The nurse is caring for a client with lung cancer who states, 'I don't want any pain medication because I am afraid to become addicted.' How should the nurse respond?
- A. I will ask the provider to change your medication to a drug that is less potent.
- B. I will ask the provider to prescribe a non-opioid analgesic.
- C. It is unlikely you will become addicted when taking medicine for pain.
- D. I will discuss alternative pain relief methods like acupuncture.
Correct Answer: C
Rationale: The risk of addiction is low when pain medications are used appropriately for pain management in clients with cancer. Changing to a less potent drug or non-opioid may not adequately address pain. Alternative methods like acupuncture may be considered but are not the priority response.
A nurse assesses a client with chronic obstructive pulmonary disease. Which questions should the nurse ask to determine the client's activity tolerance? (Select all that apply.)
- A. What color is your sputum?
- B. Do you have any difficulty sleeping?
- C. How long does it take to perform your morning routine?
- D. Do you walk up stairs every day?
- E. Have you lost any weight lately?
Correct Answer: B,C,E
Rationale: Difficulty sleeping, prolonged morning routines, and weight loss indicate worsening dyspnea or fatigue, reflecting activity tolerance. Sputum color and stair climbing frequency are less directly related to activity tolerance.
A nurse assesses a client who is prescribed fluticasone (Flovent) and notes oral lesions. Which action should the nurse take?
- A. Encourage rinsing the mouth after fluticasone administration.
- B. Obtain an oral specimen for culture and sensitivity.
- C. Start the client on a broad-spectrum antibiotic.

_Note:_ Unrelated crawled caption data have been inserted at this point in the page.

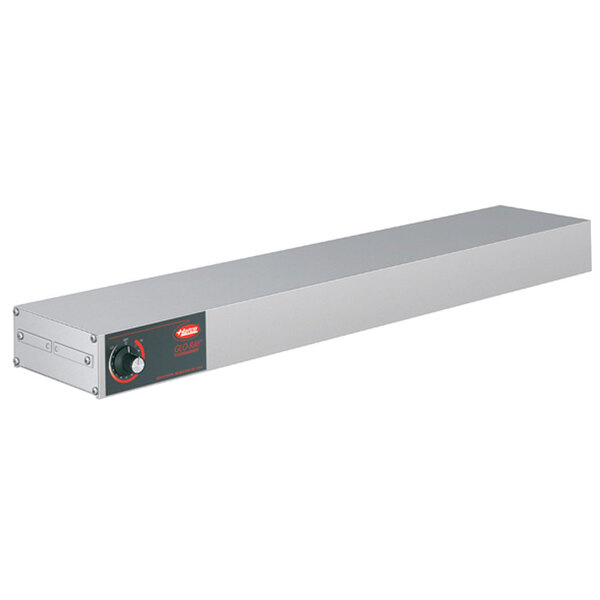 A long rectangular stainless steel box with a red light and knob on it.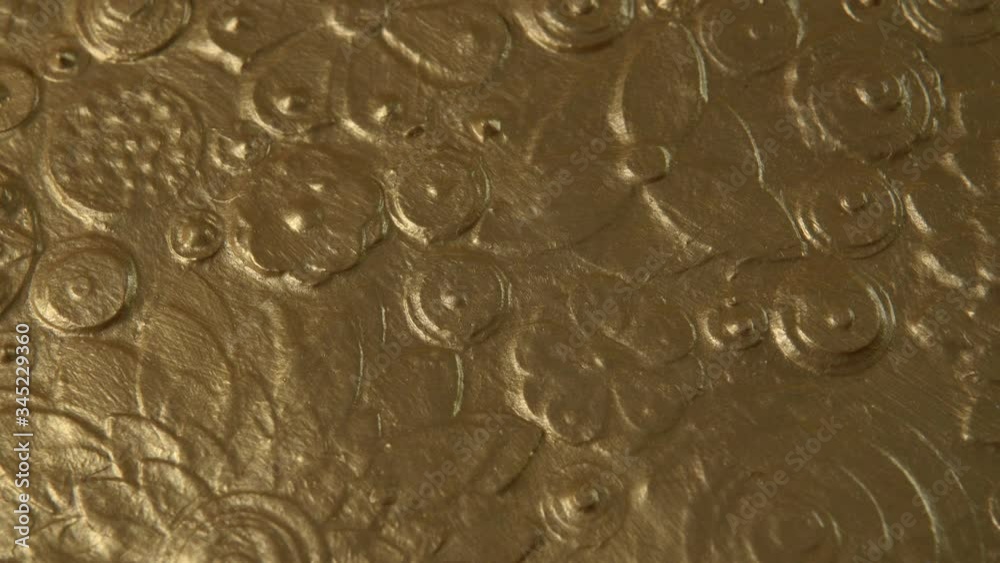Abstract gold flower art close up. Golden floral background, texture painting covered with metallic dust. Shining slow motion drapery loop. Luxurious Diwali yellow grungy paint surface rotation. 4k. Abstract gold flower art close up. Golden floral background, texture painting covered with metallic dust. Shining slow motion drapery loop. Luxurious Diwali yellow grungy paint surface rotation. 4k.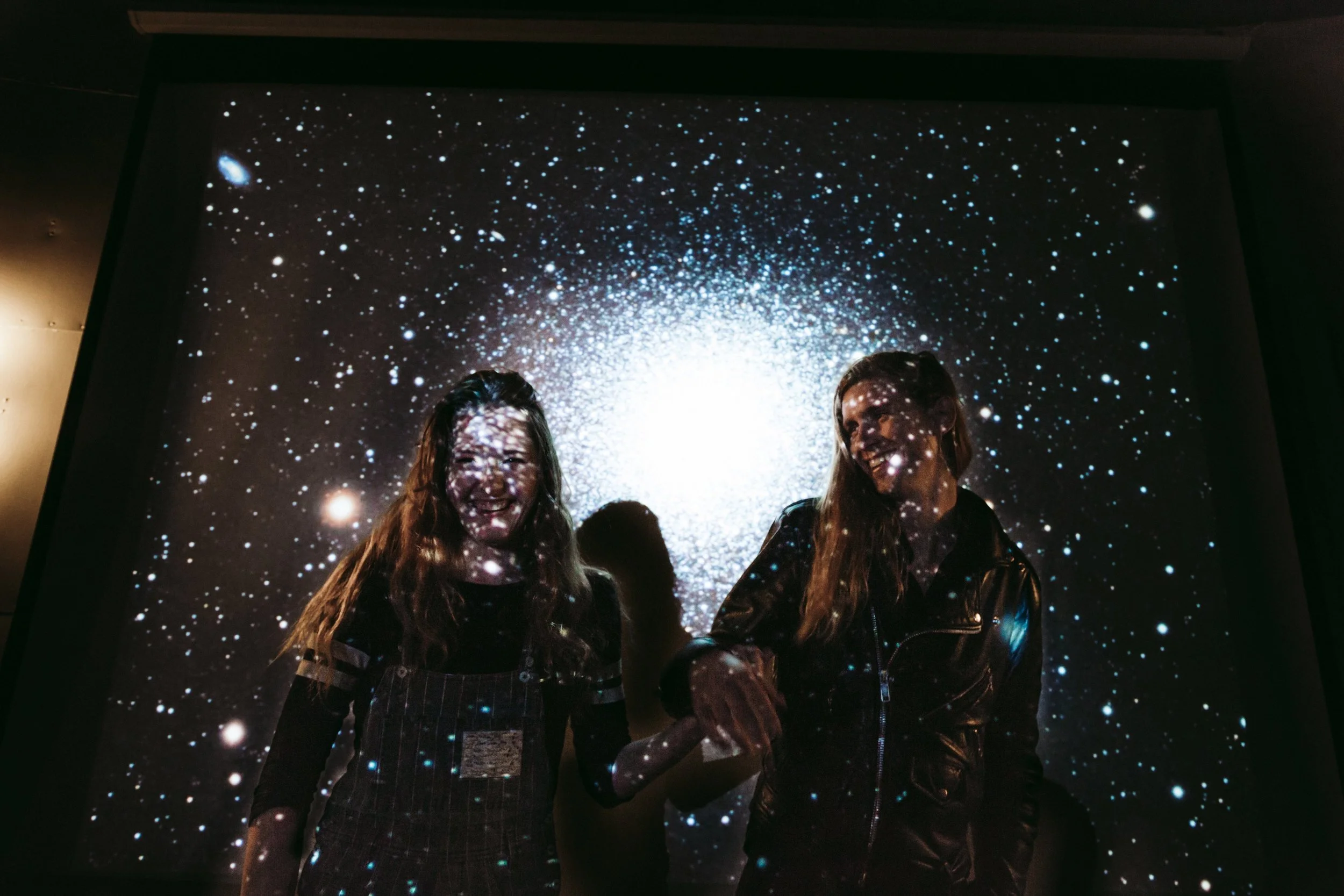 Two women are smiling and holding hands as they stand in front of a large screen projecting an image of stars and galaxies, creating a cosmic background.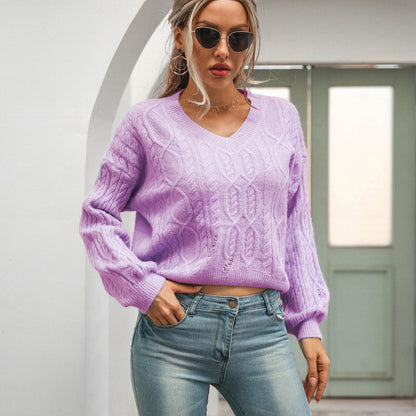 Theanna – V-ringad pullover med lång ärm och elegant twistdesign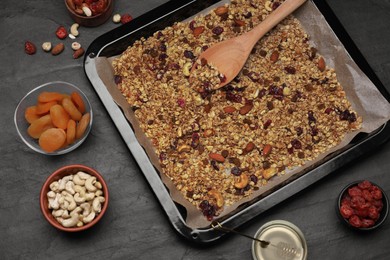 Photo of Tray with tasty granola, nuts and dry fruits on black table, flat lay
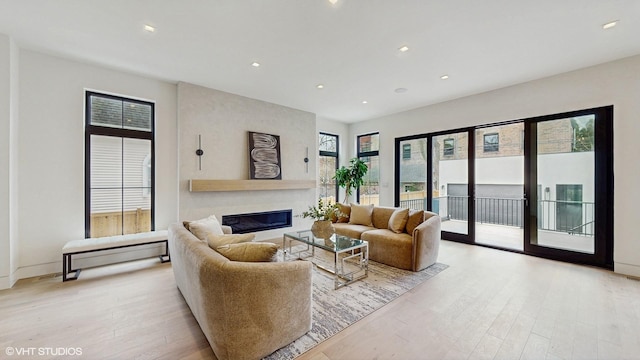 living area featuring baseboards, recessed lighting, light wood-style flooring, and a glass covered fireplace
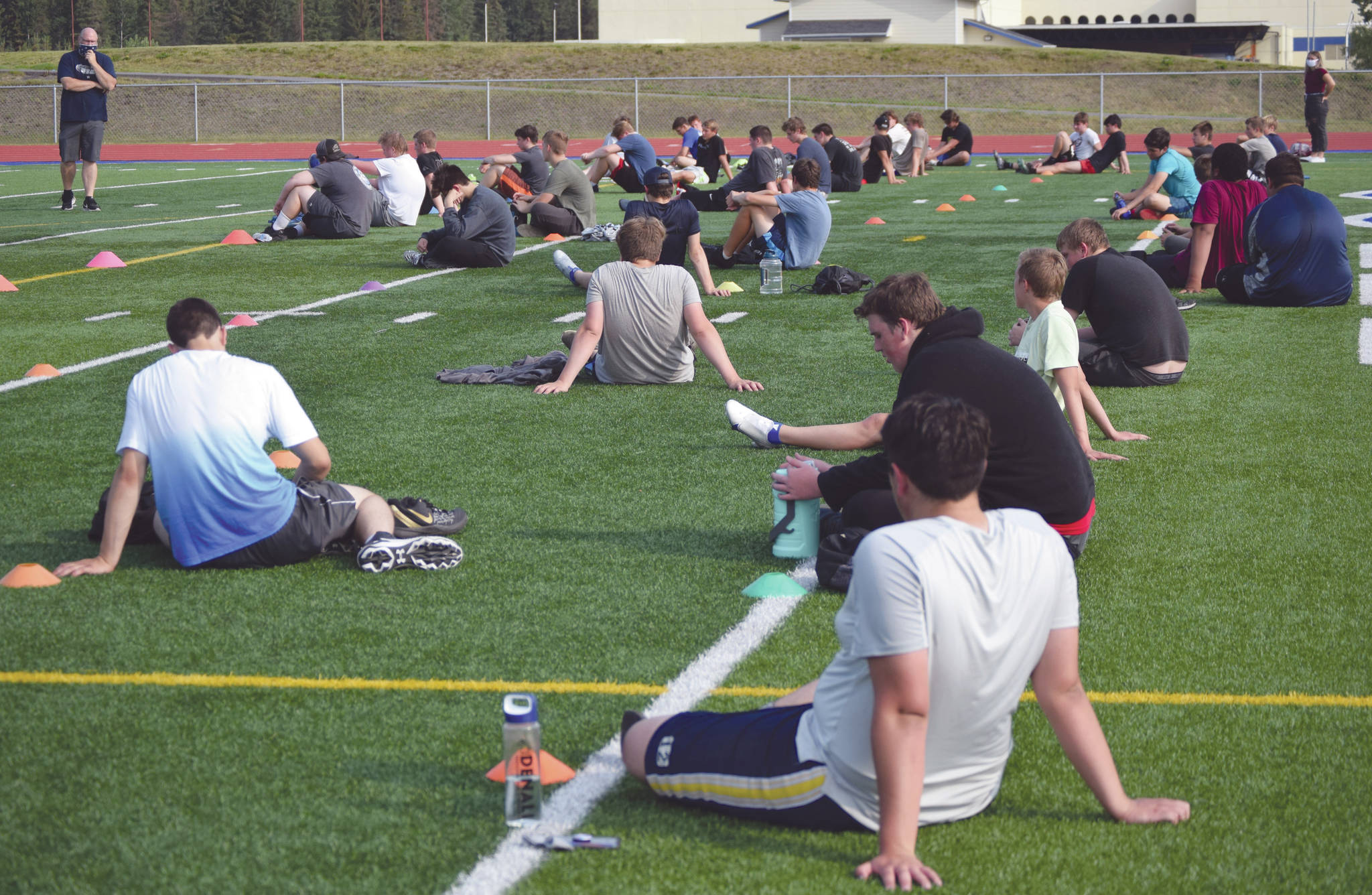 Soldotna football coach Galen Brantley Jr., at top left, addresses a socially distanced team on the first day of practice Wednesday in Soldotna.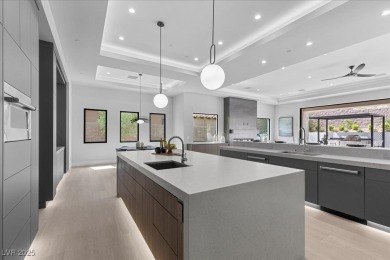 New custom estate home positioned eloquently inside the on Southern Highlands Golf Club in Nevada - for sale on GolfHomes.com, golf home, golf lot
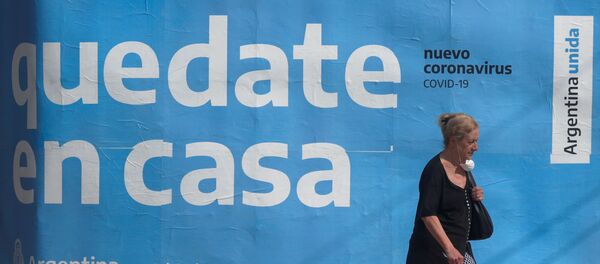 Cartel para que la gente se quede en casa en Buenos Aires, Argentina Cartel para que la gente se quede en casa en Buenos Aires, Argentina - Sputnik Mundo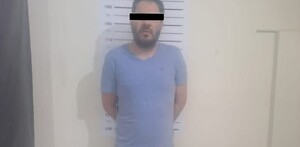 Se observa un hombre con playera azul y con cintilla negra en ojos.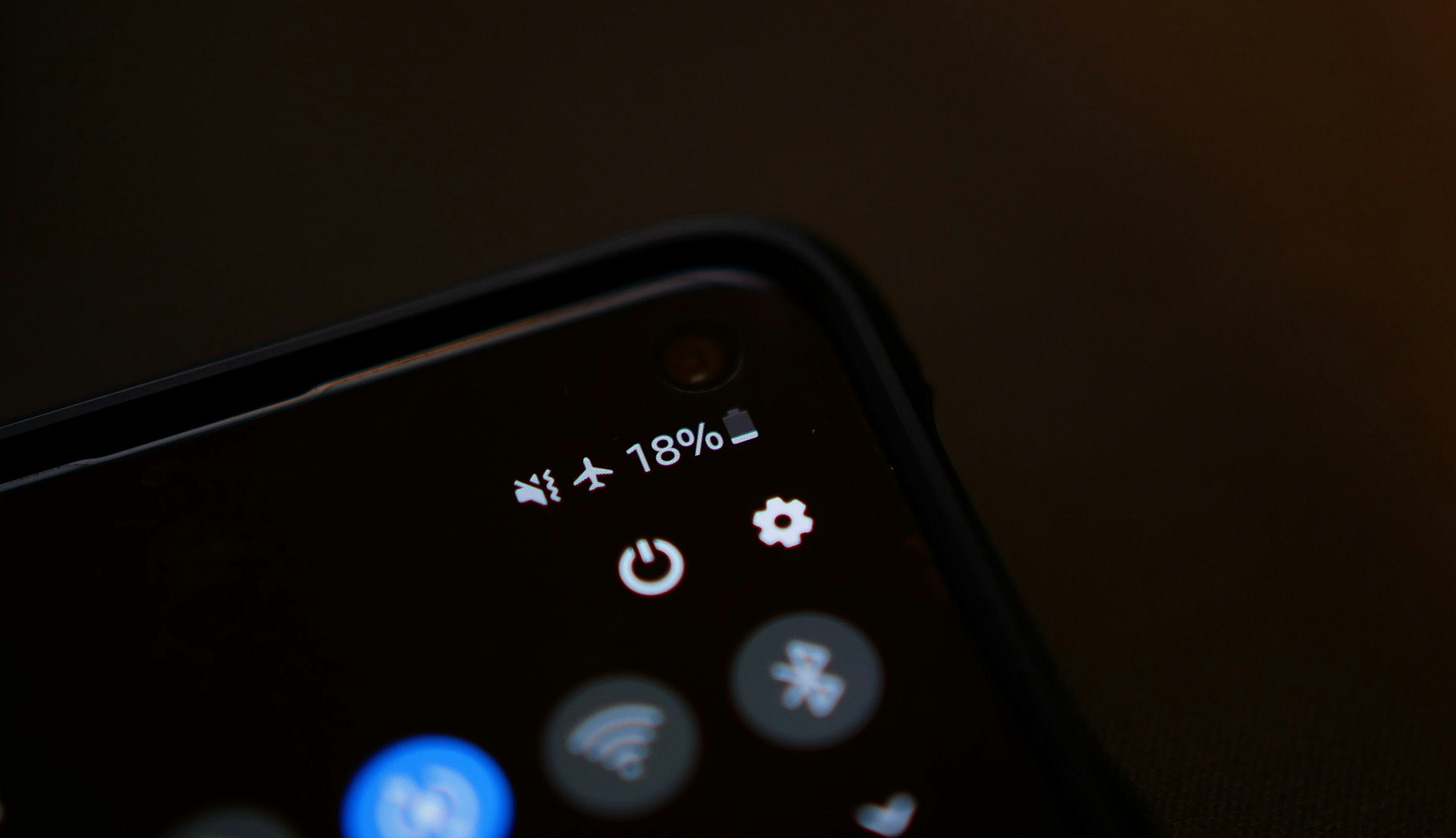 Image shows a corner of a mobile phone and the battery at 18% Image shows a corner of a mobile phone and the battery at 18%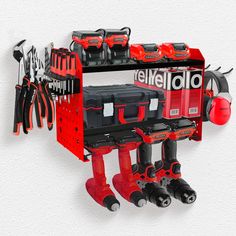 a red tool rack with tools hanging from it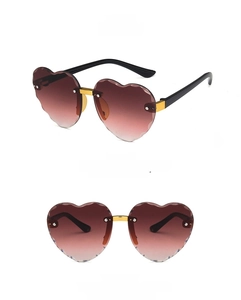 Close-up of rimless heart-shaped sunglasses with gradient brown lenses and scalloped edges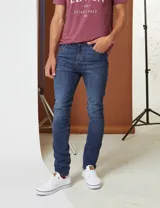 Jean de corte slim en color azul medio, con diseño clásico de cinco bolsillos y cierre frontal con botón y cremallera.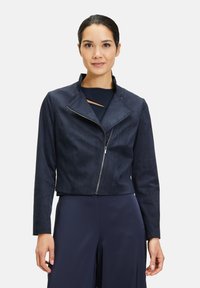 Marinblått cropped jacka i mjukt mockaliknande material med notchkrage och framdragkedja. Minimalistisk design med rena linjer.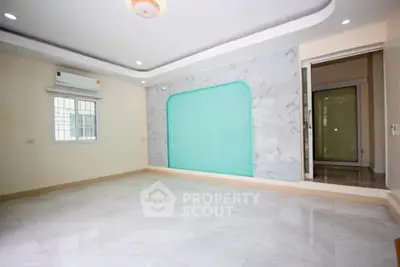 Spacious modern living room with elegant marble accents and air conditioning.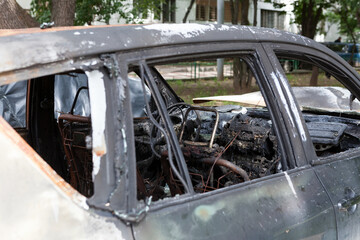 Fragment of an abandoned car damaged by fire. Vehicle has no windows and completely burnt-out interior. Side view, selective focus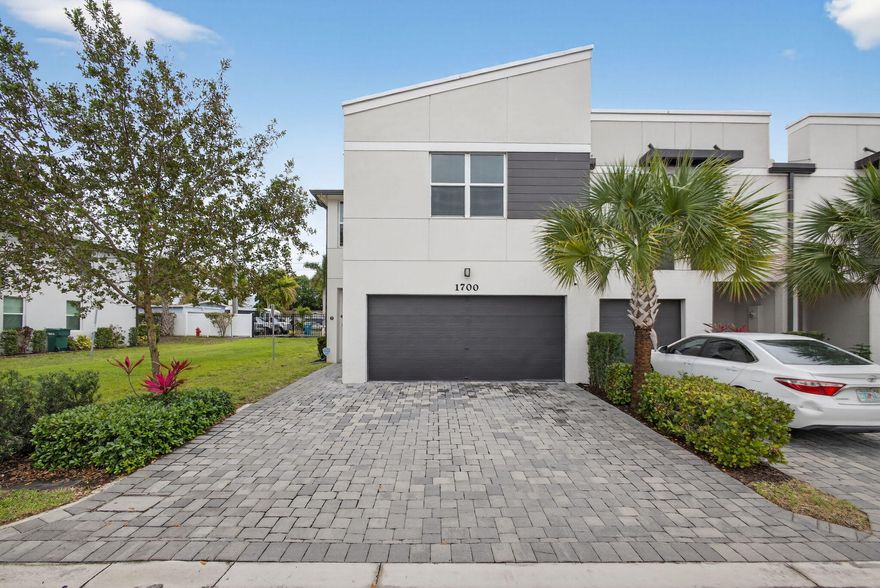 Built in 2022, this 3-bedroom, 2.5-bathroom townhome is located in the gated Enclave at Mangonia Park and offers spacious living. The open-concept layout features high ceilings, abundant natural light, and a modern kitchen with stainless steel appliances, ample cabinetry, and a center island overlooking the main living area. Upstairs, a versatile loft provides additional living or flex space. The primary suite includes a private ensuite bath, while two additional bedrooms share a full bathroom. Additional features include an upstairs laundry area and a 2-car garage with extended driveway offering additonal parking. Conveniently located near the Tri-Rail, Palm Beach International Airport, I-95, Brightline station, downtown West Palm Beach, Palm Beach Outlets, and area beaches.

- D. Document the finding as a known side effect.
Correct Answer: A
Rationale: Fluticasone reduces local immunity, increasing the risk of oral infections like Candida albicans. Rinsing the mouth after inhaler use decreases this risk. Obtaining a culture, starting antibiotics, or only documenting the finding do not address prevention or immediate management.
A nurse cares for a client who has a chest tube. When would this client be at highest risk for developing a pneumothorax?
- A. When the tube drainage increases and warms to the touch.
- B. When the tube drainage decreases and becomes sanguineous.
- C. When the client experiences pain at the insertion site.
- D. When the tube becomes disconnected from the drainage system.
Correct Answer: D
Rationale: A disconnected chest tube allows air to enter the pleural space due to negative intrathoracic pressure, causing a pneumothorax. Warm drainage, sanguineous drainage, or pain at the insertion site do not directly increase pneumothorax risk.